_Exercise directions:_
In the entries that follow, repeat exactly the lines from the one that has "mm / IP55 (WEH-9U-604245)" through the one that has "Burcu Aslan Dress TARO OVERSIZE COTTON DRESS", but omit pictures.

_Supplied material:_

= = = = =

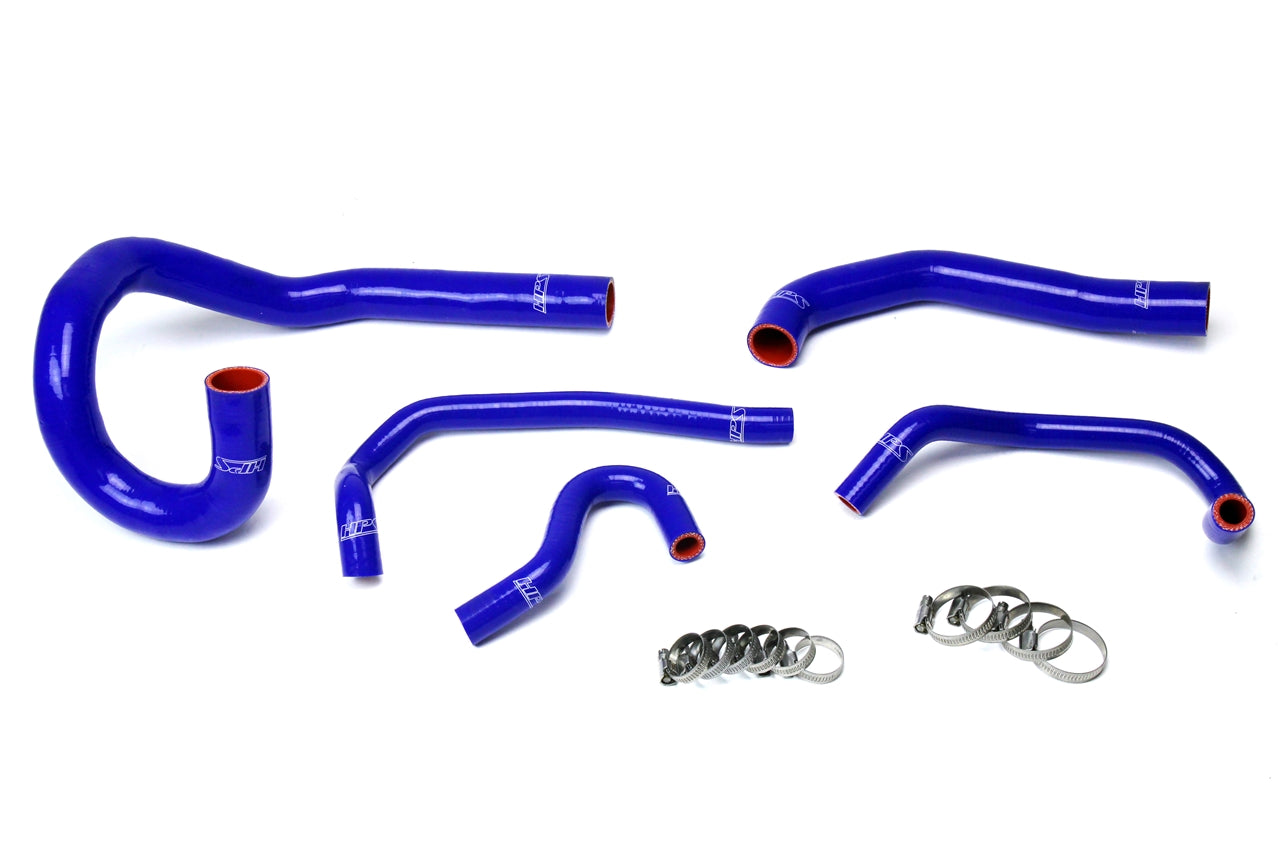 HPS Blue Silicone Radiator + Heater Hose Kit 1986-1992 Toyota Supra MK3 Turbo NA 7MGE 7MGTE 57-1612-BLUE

= = = = =

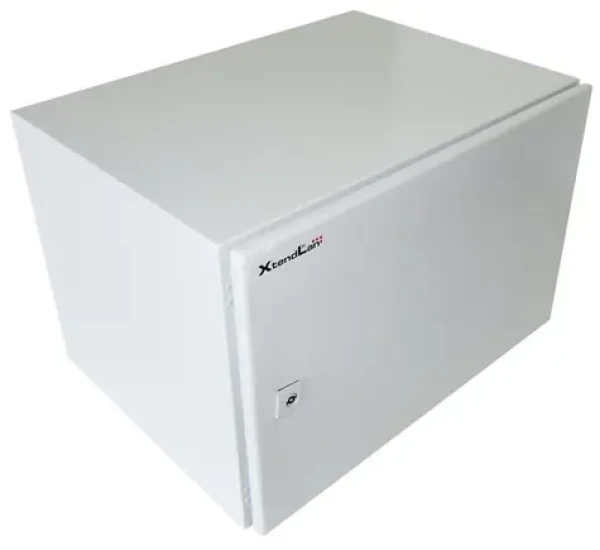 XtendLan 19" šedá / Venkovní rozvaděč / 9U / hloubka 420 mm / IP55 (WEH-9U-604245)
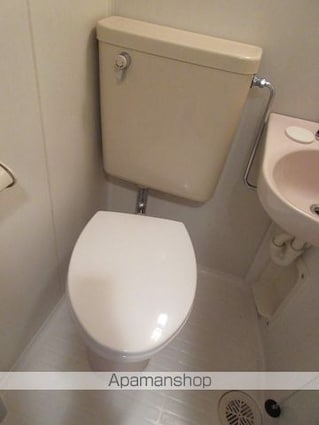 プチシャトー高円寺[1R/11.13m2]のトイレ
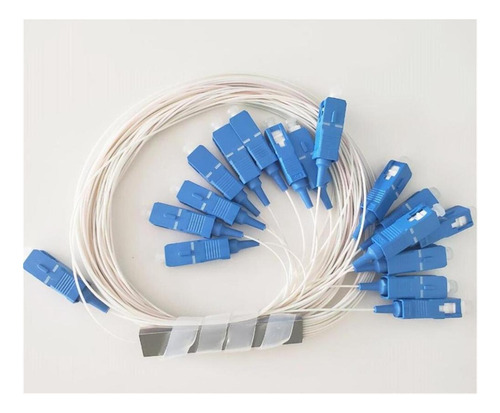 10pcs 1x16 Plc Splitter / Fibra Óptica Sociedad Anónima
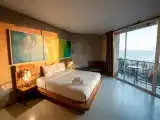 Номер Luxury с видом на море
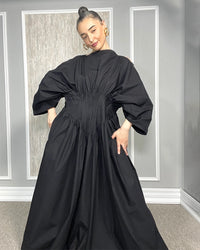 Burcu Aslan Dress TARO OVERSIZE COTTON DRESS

= = = = =

_Reply:_
 XtendLan 19" šedá / Venkovní rozvaděč / 9U / hloubka 420 mm / IP55 (WEH-9U-604245)
 プチシャトー高円寺[1R/11.13m2]のトイレ
 10pcs 1x16 Plc Splitter / Fibra Óptica Sociedad Anónima
 Номер Luxury с видом на море
 Burcu Aslan Dress TARO OVERSIZE COTTON DRESS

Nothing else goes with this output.